Behavioral modelling of dinamyc virtual FIFOs

This thesis presents a behavioral model for dynamic virtual First-In-First-Out (FIFO) buffers within a descriptor-based memory system architecture, designed to support efficient context switching and preemption in high-performance hardware environments. The hardware module manages a shared pool of register buffers across multiple virtual FIFOs each representing either a cluster (processing destination) or a heap (free buffer pool) using descriptor RAM to dynamically link and organize buffer allocations. Clusters are the destinations where incoming transactions are processed. To enable efficient dispatching, the system implements a “Serial In, Parallel Out” behavior: transactions arriving from a single input are dynamically divided and routed to different clusters. The descriptor-based implementation supports dynamic FIFO sizing, allocating required memory based on traffic demand of each cluster, this reduces the overall memory requirements and chip area, with only minimal delay overhead . The behavioral model replicates the internal buffer allocation and deallocation mechanisms of the memory system, maintaining a software-level representation of the heap and cluster FIFOs.
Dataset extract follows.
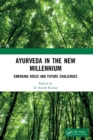 Ayurveda in The New Millennium : Emerging Roles and Future Challenges - Book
It is designed to ease debugging by improving traceability of transactions, hiding the RTL complexity from the verification team, allowing developers to monitor buffer activity and identify mismatches or protocol violations more effectively. The model is integrated into a standalone testbench environment that autonomously performs save/restore checks based solely on peripheral and debug signal sequences, without relying on external triggers. This facilitates the detection of context mismatches and protocol errors during preemption scenarios. The testing framework includes randomized and corner-case scenarios such as ping-pong context switching and back-pressure preemption, ensuring robust validation. By abstracting memory system behavior in a cycle-approximate manner, the model enables faster simulation and easier traceability of buffer transactions, ultimately aiding in the verification and debugging of complex FIFO-based designs. The final behavioral model is validated against a suite of standalone tests and is intended for use in regression environments for broader system-level verification.